Open Letter to my original Nintendo

Dear Original Nintendo,

It's been awhile, so I should probably formally address you as Nintendo Entertainment System, but to me you will always be simply Nintendo. As a child of the early 80's, I remember hearing your name for the first time at my rich Jewish friends' house. It was radical, foreign and fun to say. You sounded like something invented in outer space by people from the future, possibly involving large rubber bands. His rich Jewish older brother wouldn't let us in his room to play, so you remained a distant mystery.

Then you came into my life on December 25, 1986. Various Christmas mornings of my childhood all blend together in a haze of die-cast toys that are just now starting to become nostalgic and ironic. But once I laid eyes on that perfectly square, wrapped box, I knew it was you in the same way that a husband returning from war knows the faceless woman approaching in a rainstorm from far across the street is the love of his life.

Your rigid casing and Soviet cold-war-era color palette belied the power that lay hidden inside, ready to be unleashed in the form of Gyromite or Duck Hunt.
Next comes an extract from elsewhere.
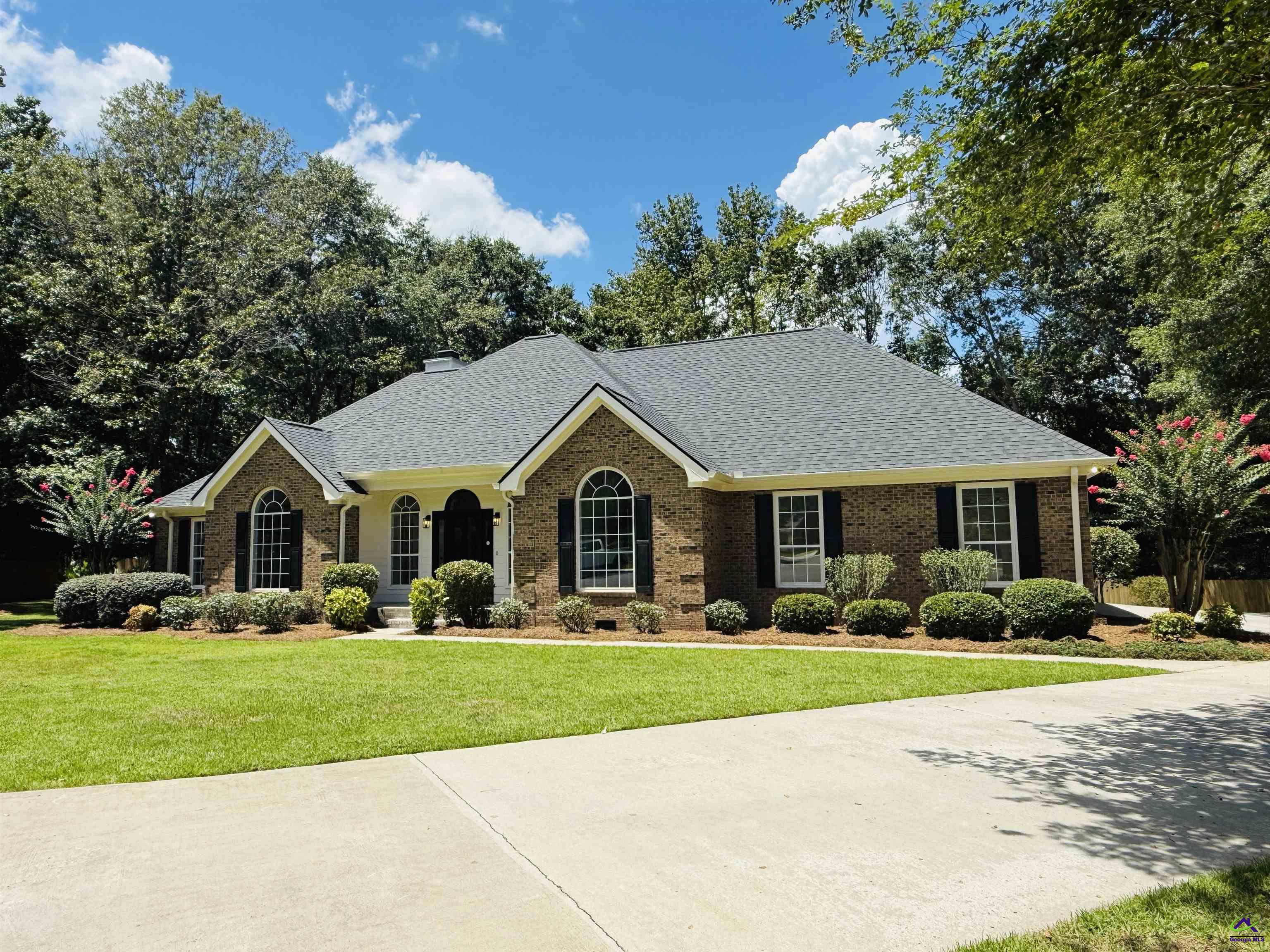 112 Saddlefield Ct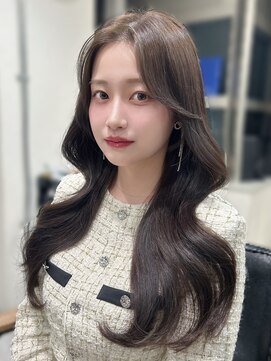 エヌアイ オモテサンドウ(ni omotesando) ☆韓国くびれヘア センターパート 透明感ベージュカラー☆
Despite your hunk-of-concrete design and myriad cords (nowadays things are wireless!) you integrated perfectly into our bustling family multimedia center, which consisted of a wooden-cased television and a black plastic VCR that featured an endlessly blinking pale green digital clock that had never been set to any time other than 12:00am in the six years we owned it.

You turned my world upside down. There were two fucking buttons on your controllers! A and B!

You were also low maintenance and required the mastery of one simple troubleshooting process: forcefully blowing gulps of air into the game cartridge or console resolved all hardware and software issues. I once left you running for three days straight just to beat Ikari Warriors, pausing you at night with the television off and waking up early to sneak in a few levels before the bus came.

Sadly, as the years passed you quickly and unwittingly became obsolete. Technology started accelerating and your rear-view mirror filled with the likes of Sega Genesis and Turbo Grafix 16. Personally Sonic the Hedgehog was probably the last nail in your coffin, but we had so many great memories. Remember when I missed a week of school with lice and we beat Zelda? I seriously cried with joy.

You changed my life, Original Nintendo. In today's world of wi-fi, iPads and Androids, you seem like a distant relic in the same way we used to examine an antique telegraph machine, or an old-fashioned rotary telephone from the 1920's. Was it really that long ago? Are we really that old?

Yes, original Nintendo. Yes, we are.